[The End Of The World by Edward Eggleston]@TWC D-Link bookThe End Of The World CHAPTER XXXII 7/10
To go in the teeth of one's family is the one thing that a person of Julia's character and habits finds next to impossible.
A beneficent limitation of nature; for the cases in which the judgment of a girl of eighteen is better than that of her parents are very few.
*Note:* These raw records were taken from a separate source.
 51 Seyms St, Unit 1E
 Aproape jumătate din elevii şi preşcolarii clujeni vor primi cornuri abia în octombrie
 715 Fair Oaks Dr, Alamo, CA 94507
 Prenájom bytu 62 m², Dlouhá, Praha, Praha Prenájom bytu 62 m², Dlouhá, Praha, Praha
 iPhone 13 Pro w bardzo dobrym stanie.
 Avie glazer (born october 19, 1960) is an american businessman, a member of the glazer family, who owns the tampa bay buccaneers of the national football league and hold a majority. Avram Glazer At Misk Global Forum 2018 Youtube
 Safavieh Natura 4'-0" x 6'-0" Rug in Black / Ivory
Besides, the inevitable "heart-disease" was a specter that guarded the gates of Julia's prison. Night after night she sat looking out over the hills sleeping in hazy darkness, toward the hollow in which stood the castle; night after night she had half-formed the purpose of visiting August, and then the life-long habit of obedience and a certain sense of delicacy held her back.
But on this night, after the consultation, she felt that she would see him if her seeing him brought down the heavens. It was a very dark night.
She sat waiting for hours--very long hours they seemed to her--and then, at midnight, she began to get ready to start. Only those who have taken such a step can understand the pain of deciding, the agony of misgivings in the execution, the trembling that Julia felt when she turned the brass knob on the front door and lifted the latch--lifted the latch slowly and cautiously, for it was near the door of her mother's room--and then crept out like a guilty thing into the dark dampness of the night, groping her way to the gate, and stumbling along down the road.